Proof: Conservation of Momentum

I love this simple profound proof, and it’s worth understanding. For those unfamiliar with calculus, the notation $\dot{\bf{p}}$ or $\frac{d \bf{p}}{dt}$ denotes the rate of change of $\bf{p}$ with respect to time ($t$).

We need to show that the net force ($\mathbf{F}$) applied on an object is proportional to the rate of change of that object’s momentum with respect to time ($\dot{\mathbf{p}}$).

We know Newton’s second law: $\mathbf{F} = m\mathbf{a}$, and $\mathbf{p} = m \mathbf{v}$.

Differentiating $\mathbf{p} = m \mathbf{v}$ with respect to $t$, presuming constant mass ($m$) yields,

$$ \begin{aligned} \frac{d\mathbf{p}}{dt} = \dot{\mathbf{p}} &= \frac{d}{dt}(m\mathbf{v}) \\ \\[0.1pt] &= m \ \frac{d\mathbf{v}}{dt} \\ \\[0.1pt] &= m\mathbf{a} \\ \\[0.1pt] \therefore \quad \mathbf{F} &= \dot{\mathbf{p}} \quad \blacksquare \end{aligned} $$

With this lemma, we can proceed with the main proof.

Suppose we have a system with point particles $p_1$ and $p_2$, exerting forces $\mathbf{F}_{21}$ and $\mathbf{F}_{12}$, on each other.

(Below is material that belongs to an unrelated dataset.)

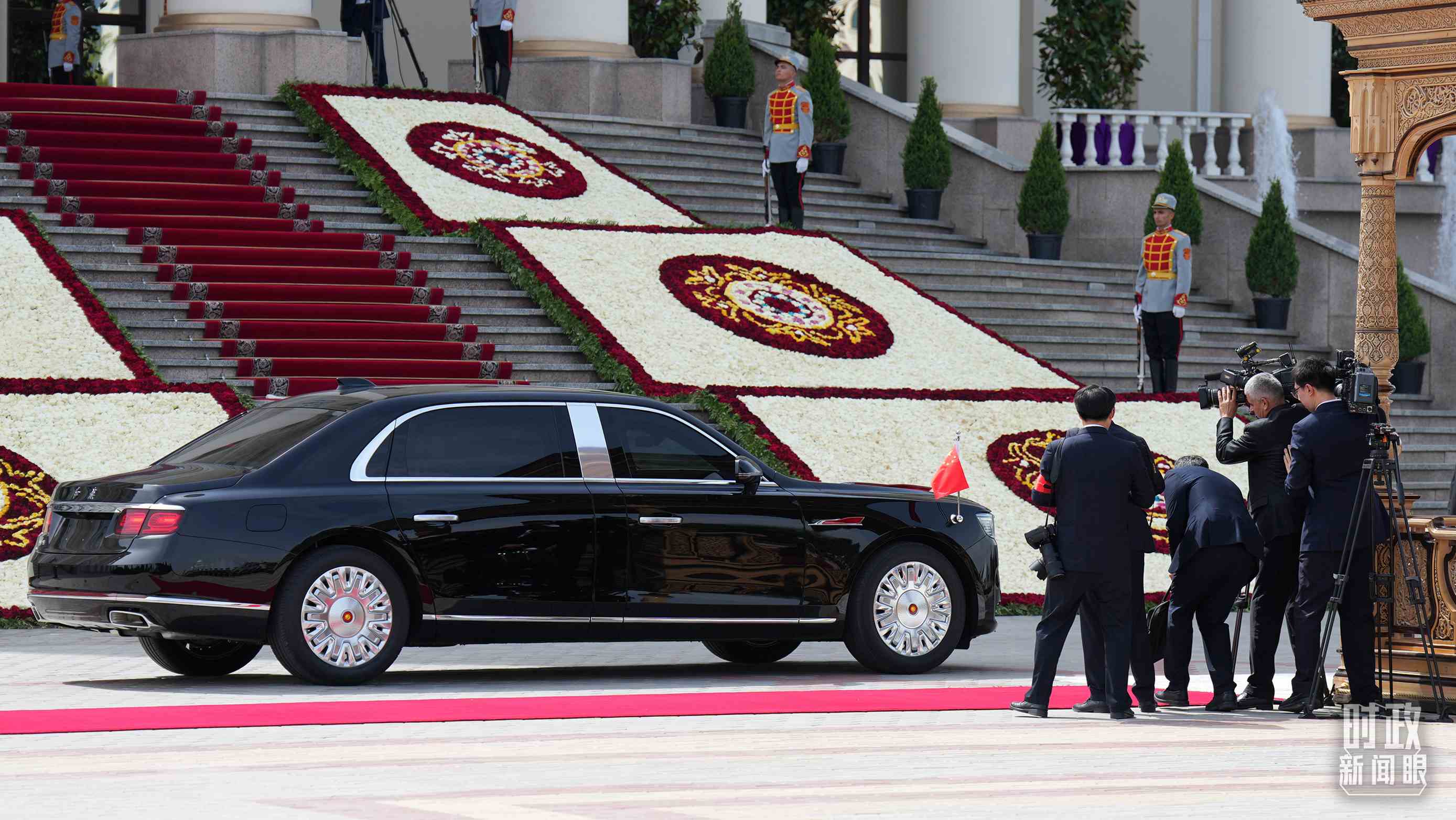 △習(xí)主席乘坐的紅旗車抵達(dá)塔總統(tǒng)府。（總臺記者李晉拍攝）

We also approximate any external forces on these two particles as $\mathbf{F}^{\text{ext}}_1$ and $\mathbf{F}^{\text{ext}}_2$,

$$ \begin{aligned} \mathbf{F}_{p_1} &= \mathbf{F}_{12} + \mathbf{F}^{\text{ext}}_1 \\ \\[0.1pt] \mathbf{F}_{p_2} &= \mathbf{F}_{21} + \mathbf{F}^{\text{ext}}_2 \end{aligned} $$

By the lemma $\mathbf{F} = \dot{\mathbf{p}}$,

$$ \begin{aligned} \mathbf{F}_{p_1} &= \dot{\mathbf{p}}_1 \\\\ \mathbf{F}_{p_2} &= \dot{\mathbf{p}}_2 \end{aligned} $$

The total momentum of our two-particle system is:

$$ \mathbf{P}_{\text{total}} = \mathbf{p}_1 + \mathbf{p}_2 $$

Differentiating with respect to time yields,

$$ \begin{aligned} \dot{\mathbf{P}}_{\text{total}} &= \dot{\mathbf{p}}_1 + \dot{\mathbf{p}}_2 \\ \\[0.1pt] &= \mathbf{F}_{12} + \mathbf{F}_{21} + \mathbf{F}^{\text{ext}}_1 + \mathbf{F}^{\text{ext}}_2 \end{aligned} $$

Since $\mathbf{F}_{12} = -\mathbf{F}_{21}$, their sum cancels out. Letting the total external force be $\mathbf{F}_{\text{ext}} = \mathbf{F}^{\text{ext}}_1 + \mathbf{F}^{\text{ext}}_2$, we have:

$$ \dot{\mathbf{P}}_{\text{total}} = \mathbf{F}_{\text{ext}} $$

This important result shows that the rate of change of total momentum ($\dot{\mathbf{P}}_{\text{total}}$) in a two-particle system is determined solely by the net external force.

In the special case where $\mathbf{F}_{\text{ext}} = 0$, we conclude:

$$ \dot{\mathbf{P}}_{\text{total}} = 0 \quad \Rightarrow \quad \mathbf{P}_{\text{total}} = \text{constant} \quad \blacksquare $$